> _Your instructions_
Pictures left aside, return the lines below exactly, from the one with "Highlands Westview By East West Hospitality" to the end, including both ends.

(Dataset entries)
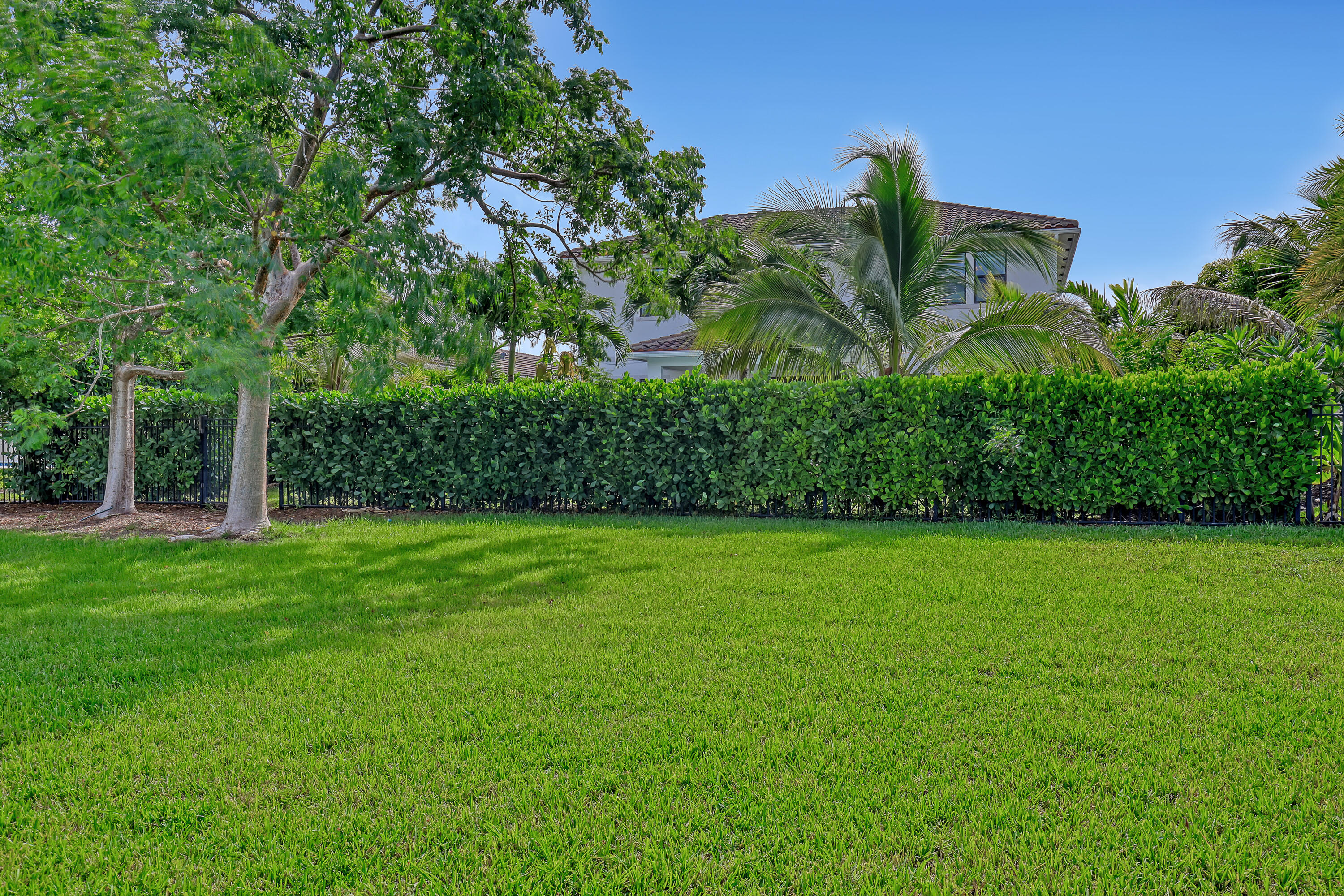 1047 Ember Ridge Run Loxahatchee, FL 33470 - Photo 53 of 90 View of Back Exterior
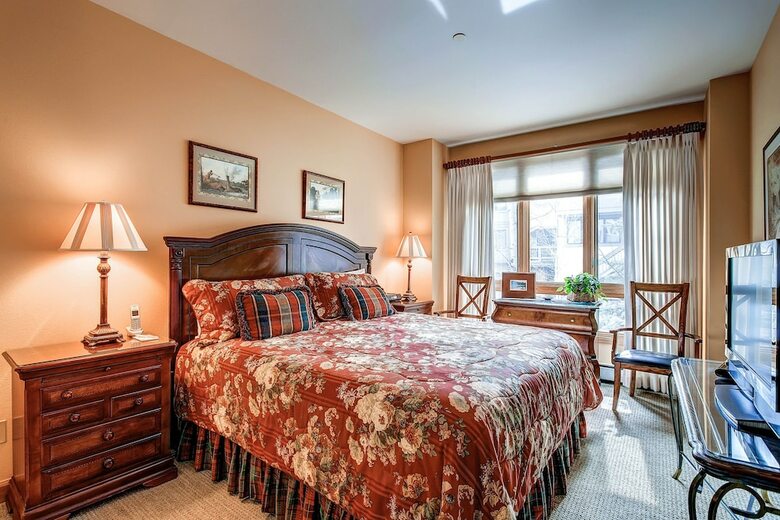Highlands Westview By East West Hospitality
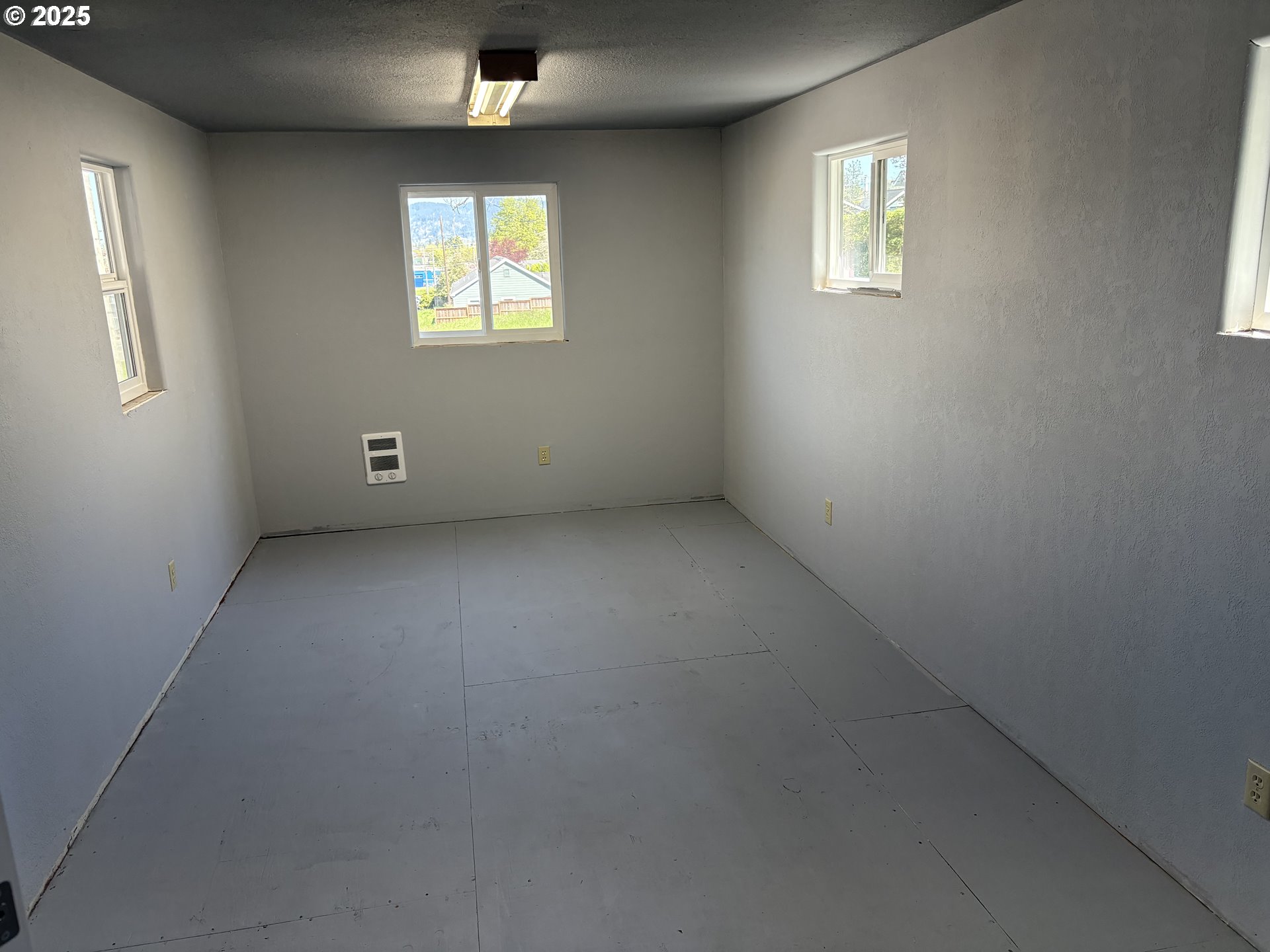 605 South 2nd Street Springfield, OR 97477 - Photo 15 of 20 an empty room with windows
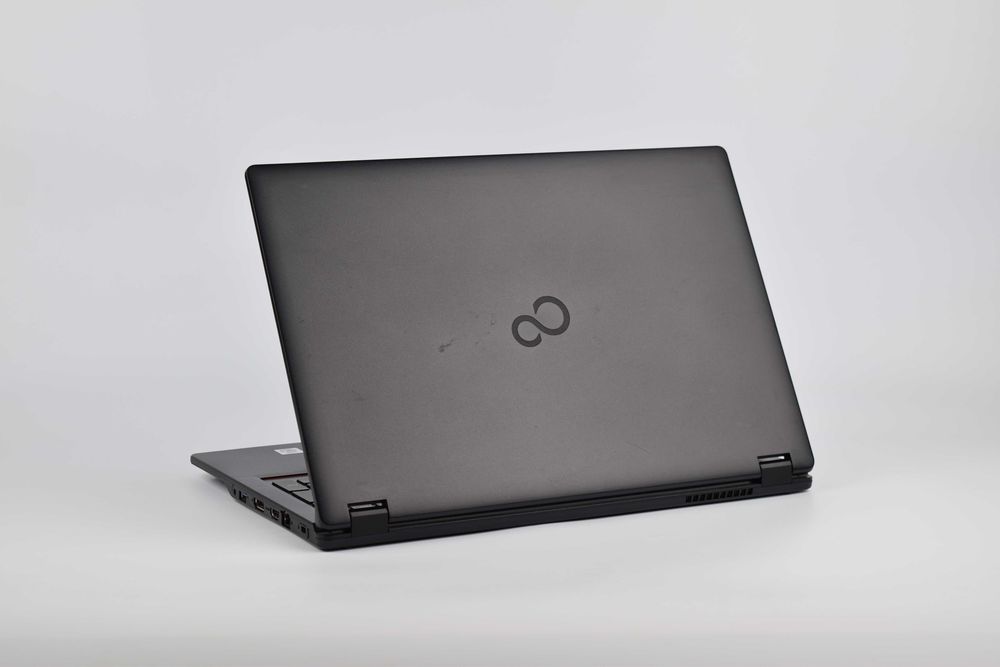 Fujitsu LifeBook E5510 i3-10110U 8/16гб ssd 256/512гб 15.6" Ноутбук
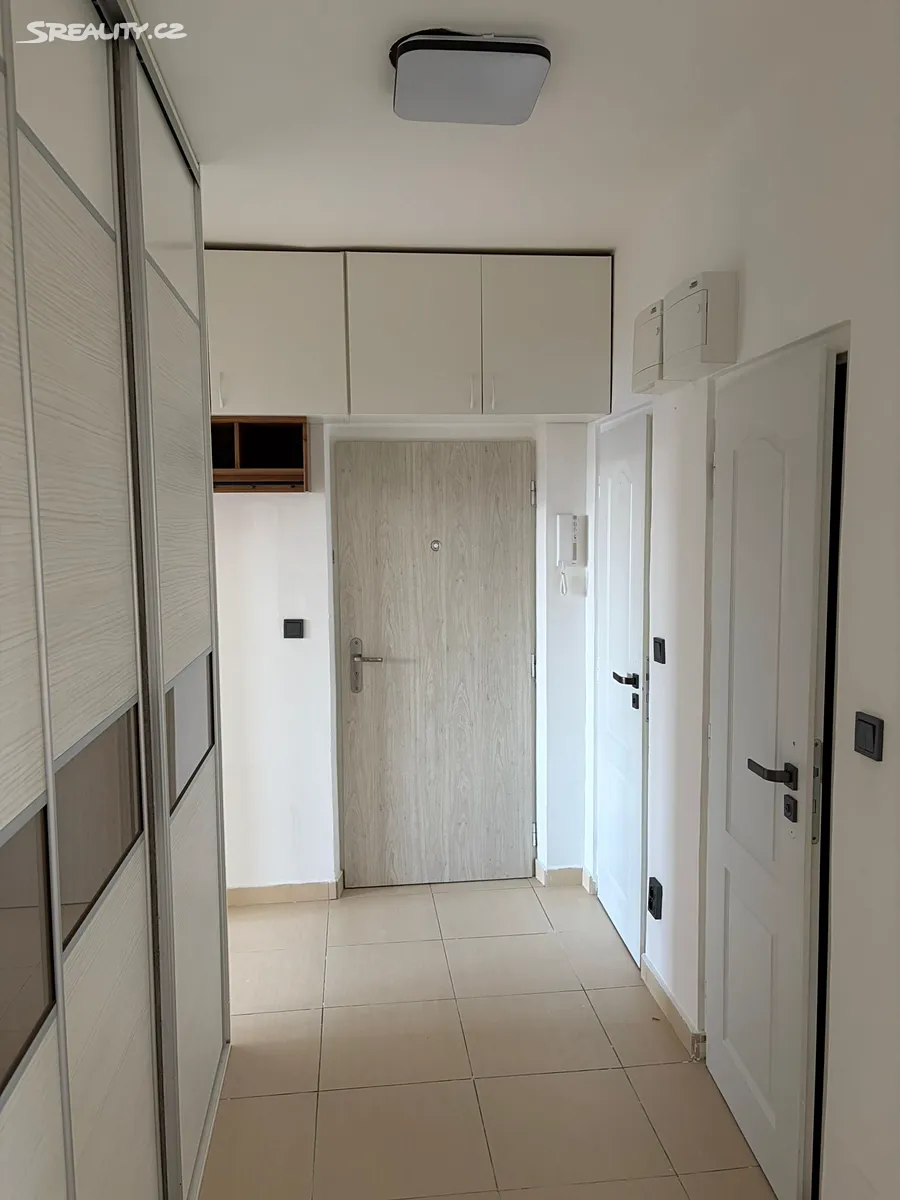 Pronájem bytu 3+1 72 m² – pohled 5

> _Output for this task_
Highlands Westview By East West Hospitality
 605 South 2nd Street Springfield, OR 97477 - Photo 15 of 20 an empty room with windows
 Fujitsu LifeBook E5510 i3-10110U 8/16гб ssd 256/512гб 15.6" Ноутбук
 Pronájem bytu 3+1 72 m² – pohled 5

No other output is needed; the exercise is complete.